* **WORK ITEM**: Nothing in the data should change when you return it, but leave the pictures out.

* **INFORMATION SHOWN**:

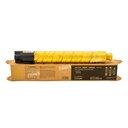 Toner Cartucho [Ricoh ] Yellow (ImC400) 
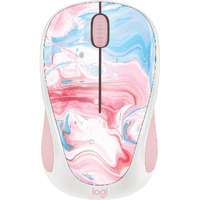 Design Coll Wrls Mouse Cotton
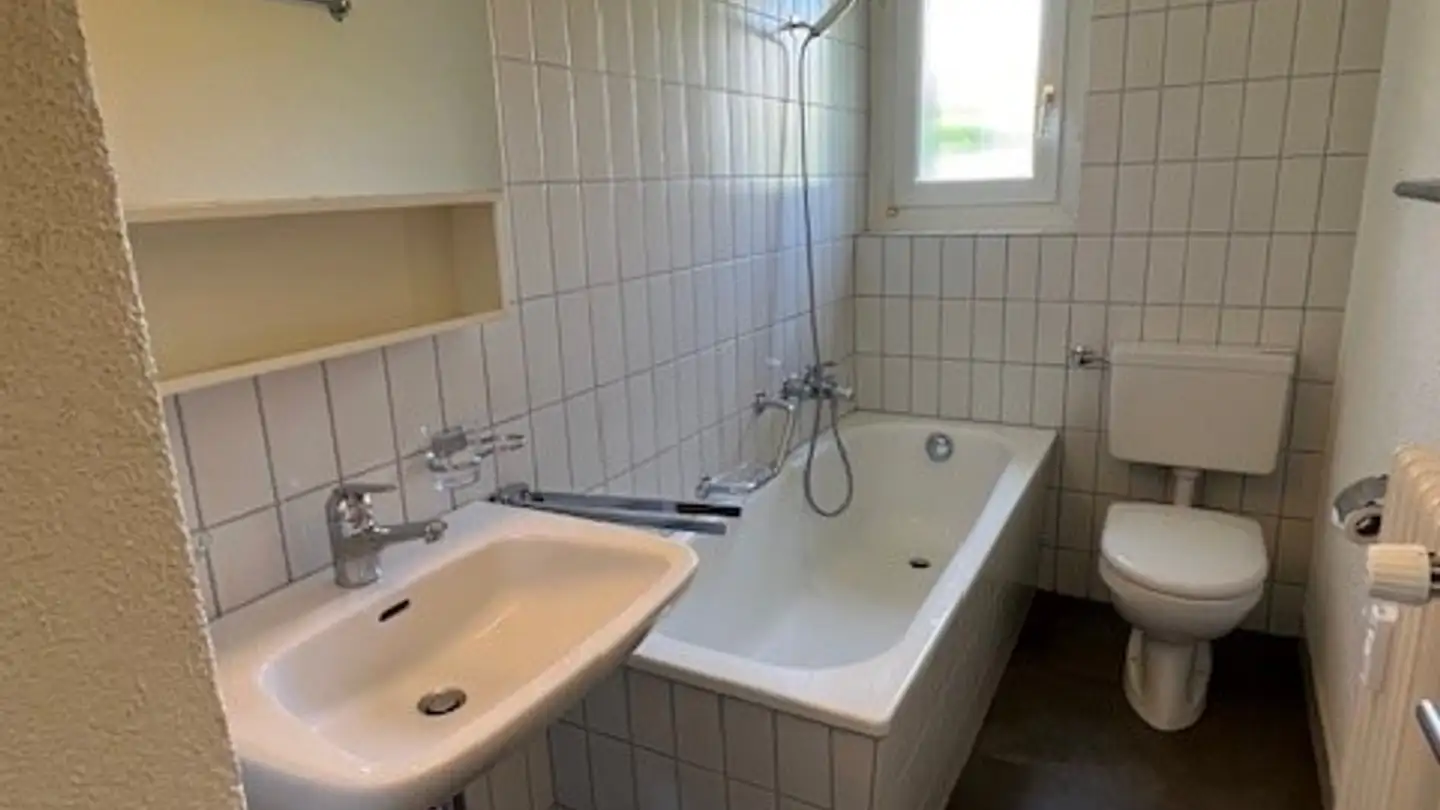 Wohnung mieten - Sonnegg 3, 9404 Rorschacherberg - Foto 4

* **ANSWER FOR THIS EXERCISE**:
 Toner Cartucho [Ricoh ] Yellow (ImC400) 
 Design Coll Wrls Mouse Cotton
 Wohnung mieten - Sonnegg 3, 9404 Rorschacherberg - Foto 4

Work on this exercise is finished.